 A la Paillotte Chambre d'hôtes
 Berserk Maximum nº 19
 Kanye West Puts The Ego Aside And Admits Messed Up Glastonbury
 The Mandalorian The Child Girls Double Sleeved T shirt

*Exercise*:
Would you repeat all of the data above, word for word?

*Written answer*:
 A la Paillotte Chambre d'hôtes
 Berserk Maximum nº 19
 Kanye West Puts The Ego Aside And Admits Messed Up Glastonbury
 The Mandalorian The Child Girls Double Sleeved T shirt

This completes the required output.